At this point, BART management could do just about anything and it wouldn't raise eyebrows. By the time its $399,000 hired gun Tom Hock missed a bargaining session to go to Disneyland -- taking a break from artless, deal-free negotiations to deliver a lecture titled "The Art of Negotiating the Deal" -- any and all Rubicons had been crossed.
So, it might come as little surprise that, on the very day BART's board declared a family leave provision pegged at between $1.4 million and $10.5 million a year too costly, it gratuitously boasted of $128 million in savings via an accelerated train car procurement deal.
Depending on one's mindset regarding the strike -- which has, sadly, resulted in a great deal of Manichean coverage -- this turn of events could be spun any which way.
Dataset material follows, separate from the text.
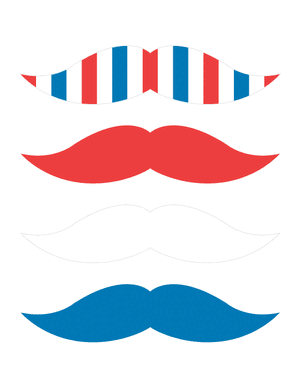 Red White and Blue Mustache Photo Booth Prop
But them's the facts: BART simultaneously trumpeted massive cost savings while crying poo regarding far, far lower labor costs. You can argue about the rightness of codifying a supposed "error" or note that the savings are also tied to fast-tracking a spectacularly expensive train car procurement. But, once again, BART management managed to stick its foot in its mouth -- which is even more inadvisable after treading through a BART train.
If nothing else, BART management can pride itself on a rarified achievement yesterday. It is now, officially, more agonizing to watch than the answering machine message scene in Swingers.
You take the victories as they come.